Thursday, September 02, 2004

La vida cotidiana

Pues, no he hecho mucho en los últimos días, pero todavía quiero escribirte para recordarte que estoy viva--más que viva: ¡súper! Y hasta que todo suena mejor en un idioma extranjero, pensaba que debía darte un resumen breve de mi vida cotidiana, pero en español. ¿Te parece? Probablemente no, pero ¿qué vas a hacer, cuando no sabes lo que digo aquí?

La verdad es que mi vida pasa demasiado rápido, aunque ya he encontrado una rutina básica y fome. Yo voy a clases, como, compro, carreteo, estudio, cocino, me baño, duermo, camino, ando en bici, sueño de ti, y ululo a la luna llena--pero no en tal orden.

OK, I promise that was boring enough that you could do without reading it in English--which would just reveal how little I have to say anyway--but I could tell you some highlights of the last week or so.

Saturday I went to this big lunch for the birthday of the sister of a friend's housemate (Marcelo's friend Figue's housemate/sisterly figure Susana's sister Claudia, if you must know) at this amazing house in this ecological community in Peñalolén, a comuna of Santiago. Buena onda allá: her whole family is nothing but a bunch of wonderful hippie communists with precious little children. Beautiful people, on a beautiful spring day on the patio of an amazing house with gorgeous property. Yes, it made me miss Berkeley and those damn hippies.

Then on Sunday, I went to this huge park in La Reina, to kick it with some of the same folks. All day, with the delicious sun and adorable kids and more yummy comida and nothing else to do. And the near-full moon rising over the cordillera.

See, I told you it was boring, so there you have it. For a few days there it seemed that spring had already come and gone, and we were bombarded by heat heat heat in this crazy city. Of course that would happen just after I get a little gas heater in my room and figure out how to take hot showers (no more bathing with a pitcher of water!)...But now it's going to rain this weekend (is it really already the weekend again?) and remind us that we still have to wait for utopia. I know it's not like the weather matters because we are planting crops here and living off the land, but it's important to me, nonetheless. Another way I can put you in my shoes and you can imagine what it's like to live halfway around the world without you.

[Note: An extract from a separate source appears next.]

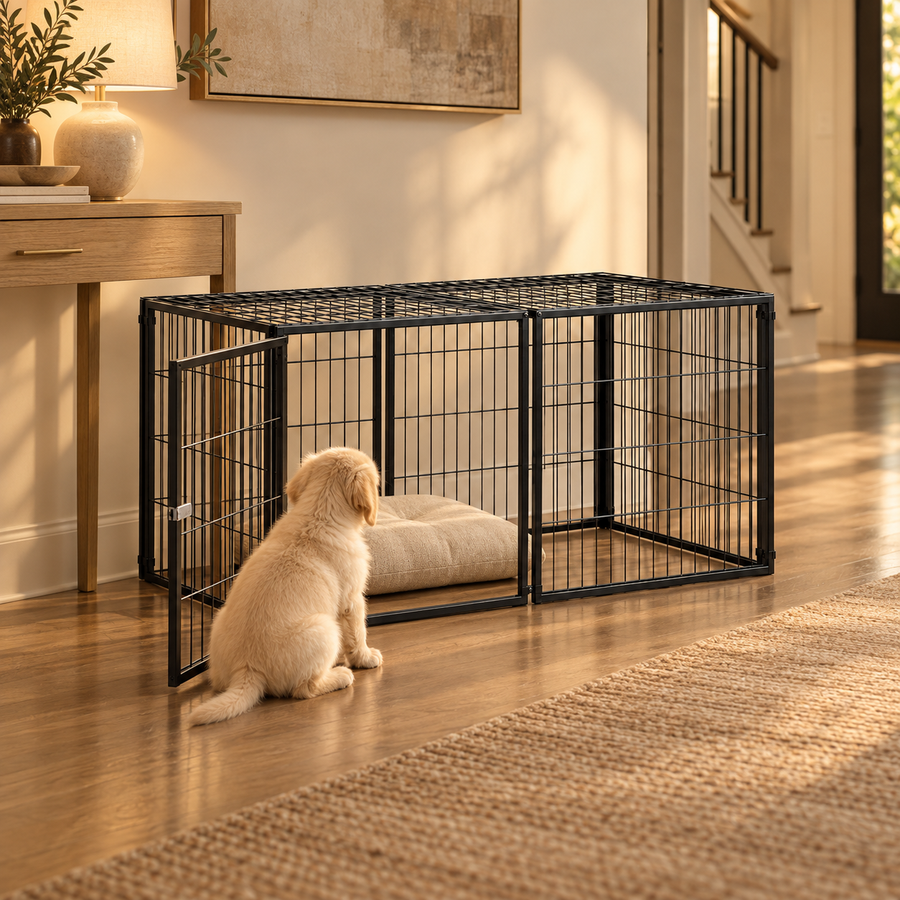 Cream puppy sitting at the open door of a low black wire kennel in a hallway beside an oak console table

Going to the theater tomorrow night (MOM'S BIRTHDAY!!! ¡Feliz cumpleaños, vieja!) and maybe on Saturday, to an art house cinema I just found out about. Plowing through the Greek classic tragedies and falling in love with reading all over again. Vacation to Bolivia in a week, for Fiestas Patrias, so brace yourself for the whirlwind story of that adventure when I get back! Thinking about school starting in Berkeley and all I'm missing in the activist action there: good luck with the new semester, CEDP, ISO, and BSTW.